Centocor Ortho Biotech Inc announced that the US Food and Drug Administration (FDA) has extended by three months the review timeline for the Biologic License Application (BLA) for Stelara (ustekinumab) to provide time for a full review of an amendment to the pending application. The application seeks approval to market Stelara for the treatment of adult patients with moderate to severe plaque psoriasis who are candidates for phototherapy or systemic therapy.
The amendment, submitted within three months of the user fee goal date, pertains to testing results to establish the product's shelf life. The FDA has requested no additional clinical trials for Stelara. The US BLA extension does not affect the approval or marketing of Stelara in Europe or Canada, nor does it apply to pending applications in other markets.
"We remain focused on collaborating with the FDA and providing the necessary information to support the review and approval of Stelara for the treatment of adults with moderate to severe plaque psoriasis," said Jay P Siegel, chief biotechnology officer.

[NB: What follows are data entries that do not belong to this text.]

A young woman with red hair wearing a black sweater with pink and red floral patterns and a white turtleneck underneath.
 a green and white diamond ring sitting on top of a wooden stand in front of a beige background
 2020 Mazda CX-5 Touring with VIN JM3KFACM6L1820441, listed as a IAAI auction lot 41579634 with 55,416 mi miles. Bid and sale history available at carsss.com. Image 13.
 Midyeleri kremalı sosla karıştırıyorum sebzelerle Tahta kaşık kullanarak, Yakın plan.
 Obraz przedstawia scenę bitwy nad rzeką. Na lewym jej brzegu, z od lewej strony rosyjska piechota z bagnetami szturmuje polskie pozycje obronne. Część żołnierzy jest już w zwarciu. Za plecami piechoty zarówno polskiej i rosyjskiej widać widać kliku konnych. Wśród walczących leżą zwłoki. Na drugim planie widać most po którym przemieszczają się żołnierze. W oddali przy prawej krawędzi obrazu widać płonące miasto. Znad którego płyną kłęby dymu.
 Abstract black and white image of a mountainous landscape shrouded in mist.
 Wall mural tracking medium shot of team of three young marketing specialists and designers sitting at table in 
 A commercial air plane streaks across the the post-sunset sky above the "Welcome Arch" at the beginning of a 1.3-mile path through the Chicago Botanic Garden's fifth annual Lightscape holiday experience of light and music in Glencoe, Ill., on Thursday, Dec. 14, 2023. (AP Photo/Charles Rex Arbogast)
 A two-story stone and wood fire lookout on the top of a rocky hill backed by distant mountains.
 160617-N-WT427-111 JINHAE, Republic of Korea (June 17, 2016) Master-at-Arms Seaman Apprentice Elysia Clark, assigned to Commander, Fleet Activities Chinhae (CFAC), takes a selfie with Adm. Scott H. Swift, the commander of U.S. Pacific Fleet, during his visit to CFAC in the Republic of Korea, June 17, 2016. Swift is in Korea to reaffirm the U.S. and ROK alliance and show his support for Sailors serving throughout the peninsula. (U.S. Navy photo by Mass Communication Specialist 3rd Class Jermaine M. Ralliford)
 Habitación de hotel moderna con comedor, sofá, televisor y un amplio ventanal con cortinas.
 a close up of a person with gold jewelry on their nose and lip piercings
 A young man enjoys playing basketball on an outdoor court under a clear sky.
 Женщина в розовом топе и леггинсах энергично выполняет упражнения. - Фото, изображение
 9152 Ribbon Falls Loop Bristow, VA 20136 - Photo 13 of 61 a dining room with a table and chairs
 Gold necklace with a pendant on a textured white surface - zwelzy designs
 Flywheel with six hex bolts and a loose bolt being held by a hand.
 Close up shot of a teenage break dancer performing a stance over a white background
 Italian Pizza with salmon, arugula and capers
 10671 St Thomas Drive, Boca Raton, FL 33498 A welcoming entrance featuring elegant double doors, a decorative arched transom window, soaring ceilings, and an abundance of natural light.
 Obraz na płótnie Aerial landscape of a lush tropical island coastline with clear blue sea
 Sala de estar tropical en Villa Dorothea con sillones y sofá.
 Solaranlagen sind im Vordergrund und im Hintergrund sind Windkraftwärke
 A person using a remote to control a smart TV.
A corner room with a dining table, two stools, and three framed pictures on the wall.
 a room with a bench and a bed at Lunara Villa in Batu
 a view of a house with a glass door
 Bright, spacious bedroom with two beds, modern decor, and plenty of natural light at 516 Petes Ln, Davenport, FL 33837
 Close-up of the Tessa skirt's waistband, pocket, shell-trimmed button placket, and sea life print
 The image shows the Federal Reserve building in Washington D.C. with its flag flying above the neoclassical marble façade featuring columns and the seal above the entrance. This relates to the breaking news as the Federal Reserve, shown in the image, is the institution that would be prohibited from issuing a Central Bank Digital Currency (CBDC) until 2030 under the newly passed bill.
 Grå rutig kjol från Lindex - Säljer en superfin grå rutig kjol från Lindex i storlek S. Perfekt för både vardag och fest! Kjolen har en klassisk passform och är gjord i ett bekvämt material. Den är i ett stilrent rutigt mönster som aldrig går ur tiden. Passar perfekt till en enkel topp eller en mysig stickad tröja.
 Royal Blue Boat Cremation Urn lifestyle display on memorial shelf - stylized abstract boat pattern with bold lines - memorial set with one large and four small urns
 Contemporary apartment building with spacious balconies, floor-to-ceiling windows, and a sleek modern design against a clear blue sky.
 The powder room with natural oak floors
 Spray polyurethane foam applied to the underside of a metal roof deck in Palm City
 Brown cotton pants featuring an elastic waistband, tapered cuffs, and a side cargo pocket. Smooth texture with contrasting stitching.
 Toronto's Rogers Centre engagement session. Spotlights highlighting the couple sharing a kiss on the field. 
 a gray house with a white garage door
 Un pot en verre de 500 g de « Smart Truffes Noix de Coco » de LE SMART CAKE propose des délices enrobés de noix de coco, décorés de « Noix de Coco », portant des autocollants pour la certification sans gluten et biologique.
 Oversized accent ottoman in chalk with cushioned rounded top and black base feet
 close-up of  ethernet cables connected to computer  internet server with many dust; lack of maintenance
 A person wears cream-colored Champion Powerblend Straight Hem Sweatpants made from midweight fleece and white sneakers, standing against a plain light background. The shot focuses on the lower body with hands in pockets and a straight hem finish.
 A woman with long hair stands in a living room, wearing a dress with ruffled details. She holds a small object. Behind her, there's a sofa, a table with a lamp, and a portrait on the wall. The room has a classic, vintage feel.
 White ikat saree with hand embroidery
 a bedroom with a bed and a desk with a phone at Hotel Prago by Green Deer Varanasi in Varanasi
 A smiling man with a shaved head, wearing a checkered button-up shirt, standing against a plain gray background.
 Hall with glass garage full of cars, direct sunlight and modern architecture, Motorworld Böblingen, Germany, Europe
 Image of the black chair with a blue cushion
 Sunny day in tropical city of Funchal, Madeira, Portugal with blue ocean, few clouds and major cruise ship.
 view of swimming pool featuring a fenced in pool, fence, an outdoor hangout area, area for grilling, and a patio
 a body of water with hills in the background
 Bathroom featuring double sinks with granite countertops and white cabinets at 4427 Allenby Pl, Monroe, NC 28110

The FDA's Dermatologic and Ophthalmic Drugs Advisory Committee (DODAC) unanimously recommended Stelara for approval in June 2008. In December 2008, Centocor Ortho Biotech announced the receipt of a Complete Response letter for Stelara from the FDA requesting additional information, including a proposal for a Risk Evaluation and Mitigation Strategy (REMS), to which Centocor Ortho Biotech responded in January 2009. FDA's review of the proposed REMS for Stelara and the proposed product labelling is ongoing.
Stelara is a new, human monoclonal antibody with a novel mechanism of action that targets the cytokines interleukin-12 (IL-12) and interleukin-23 (IL-23), naturally occurring proteins that are important in the body's regulation of immune responses and that are also believed to play a role in inflammatory disorders, including psoriasis.
Centocor Ortho Biotech redefines the standard of care in immunology, nephrology and oncology.